Camané, nome artístico de Carlos Manuel Moutinho Paiva dos Santos (20 de dezembro de 1966, Oeiras, Portugal) é um cantor português conhecido por ser uma das mais destacadas vozes masculinas do fado.

Ainda jovem, começa a cantar e a gravar, influenciado pelo meio familiar. Em 1979, aos 13 anos de idade, vence a Grande Noite do Fado, que lhe abre portas para participações em várias produções teatrais de Filipe la Feria na década seguinte, como “Grande Noite”, “Maldita Cocaína” e “Cabaret”.

O primeiro disco mais sério, “Uma Noite de Fados”, sai em 1995. Gravado no Palácio das Alcáçovas, em Lisboa, dá início a uma longa colaboração com José Mário Branco, como produtor.

Para além do fado, o cantor tem feito incursões noutros géneros musicais. Em 2005, abordou compositores brasileiros como Vinicius de Moraes no espetáculo “Outras Canções”, no Teatro S. Luiz, em Lisboa.
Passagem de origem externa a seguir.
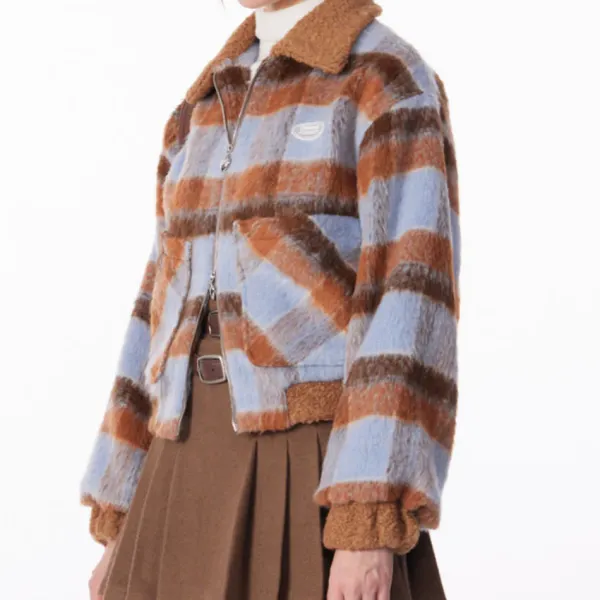 Coats & Jackets*Boogzel Clothing Preppy Style Warm Checkered Jacket Brown/blue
Em 2014, atuou no Festival Île de France, em Paris, numa homenagem a Cesária Évora, acompanhado pelos músicos da cantora cabo-verdiana.

Enquadrou ainda o projeto Humanos, com Manuela Azevedo e David Fonseca, que recuperou canções de António Variações 20 anos após a morte do cantautor, em 2004.